▸ WORK ITEM
Would you print the material exactly, starting at its first line and ending at the line holding "Jompers Men's Sequins"?

▸ MATERIAL PROVIDED
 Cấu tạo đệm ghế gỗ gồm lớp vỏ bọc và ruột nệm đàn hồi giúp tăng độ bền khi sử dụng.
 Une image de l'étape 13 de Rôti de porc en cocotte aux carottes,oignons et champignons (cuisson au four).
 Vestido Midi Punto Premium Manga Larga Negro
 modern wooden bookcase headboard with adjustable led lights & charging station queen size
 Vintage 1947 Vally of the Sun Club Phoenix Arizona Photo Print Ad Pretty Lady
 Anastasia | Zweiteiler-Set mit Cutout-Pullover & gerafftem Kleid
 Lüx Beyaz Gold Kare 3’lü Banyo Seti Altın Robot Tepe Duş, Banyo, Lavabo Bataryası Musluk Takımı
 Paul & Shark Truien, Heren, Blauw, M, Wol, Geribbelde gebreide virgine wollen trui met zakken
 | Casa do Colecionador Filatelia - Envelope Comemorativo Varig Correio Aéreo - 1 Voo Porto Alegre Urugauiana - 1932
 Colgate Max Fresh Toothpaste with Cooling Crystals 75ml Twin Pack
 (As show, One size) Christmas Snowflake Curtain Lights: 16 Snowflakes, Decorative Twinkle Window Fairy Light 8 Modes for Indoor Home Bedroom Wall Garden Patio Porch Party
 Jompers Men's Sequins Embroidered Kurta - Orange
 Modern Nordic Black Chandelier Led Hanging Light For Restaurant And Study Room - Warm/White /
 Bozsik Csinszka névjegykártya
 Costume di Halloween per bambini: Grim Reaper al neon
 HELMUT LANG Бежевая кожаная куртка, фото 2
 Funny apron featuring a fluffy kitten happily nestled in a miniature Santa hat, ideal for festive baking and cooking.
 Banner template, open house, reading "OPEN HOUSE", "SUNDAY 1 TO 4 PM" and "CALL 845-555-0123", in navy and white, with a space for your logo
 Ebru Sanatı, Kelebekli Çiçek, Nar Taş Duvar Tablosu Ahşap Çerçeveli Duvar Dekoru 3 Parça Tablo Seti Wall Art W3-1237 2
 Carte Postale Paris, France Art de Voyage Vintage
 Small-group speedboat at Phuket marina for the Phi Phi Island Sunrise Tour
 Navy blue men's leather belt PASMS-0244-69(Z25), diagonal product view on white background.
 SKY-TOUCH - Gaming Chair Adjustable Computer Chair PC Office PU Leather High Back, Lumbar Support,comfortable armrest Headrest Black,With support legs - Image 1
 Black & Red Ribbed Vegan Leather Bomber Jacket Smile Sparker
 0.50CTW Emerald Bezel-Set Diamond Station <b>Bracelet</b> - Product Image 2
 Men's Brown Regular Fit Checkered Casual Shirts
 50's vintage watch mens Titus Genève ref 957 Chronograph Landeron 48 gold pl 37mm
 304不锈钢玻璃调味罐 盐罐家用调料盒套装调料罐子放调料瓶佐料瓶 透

▸ REPLY TO THE EXERCISE
 Cấu tạo đệm ghế gỗ gồm lớp vỏ bọc và ruột nệm đàn hồi giúp tăng độ bền khi sử dụng.
 Une image de l'étape 13 de Rôti de porc en cocotte aux carottes,oignons et champignons (cuisson au four).
 Vestido Midi Punto Premium Manga Larga Negro
 modern wooden bookcase headboard with adjustable led lights & charging station queen size
 Vintage 1947 Vally of the Sun Club Phoenix Arizona Photo Print Ad Pretty Lady
 Anastasia | Zweiteiler-Set mit Cutout-Pullover & gerafftem Kleid
 Lüx Beyaz Gold Kare 3’lü Banyo Seti Altın Robot Tepe Duş, Banyo, Lavabo Bataryası Musluk Takımı
 Paul & Shark Truien, Heren, Blauw, M, Wol, Geribbelde gebreide virgine wollen trui met zakken
 | Casa do Colecionador Filatelia - Envelope Comemorativo Varig Correio Aéreo - 1 Voo Porto Alegre Urugauiana - 1932
 Colgate Max Fresh Toothpaste with Cooling Crystals 75ml Twin Pack
 (As show, One size) Christmas Snowflake Curtain Lights: 16 Snowflakes, Decorative Twinkle Window Fairy Light 8 Modes for Indoor Home Bedroom Wall Garden Patio Porch Party
 Jompers Men's Sequins Embroidered Kurta - Orange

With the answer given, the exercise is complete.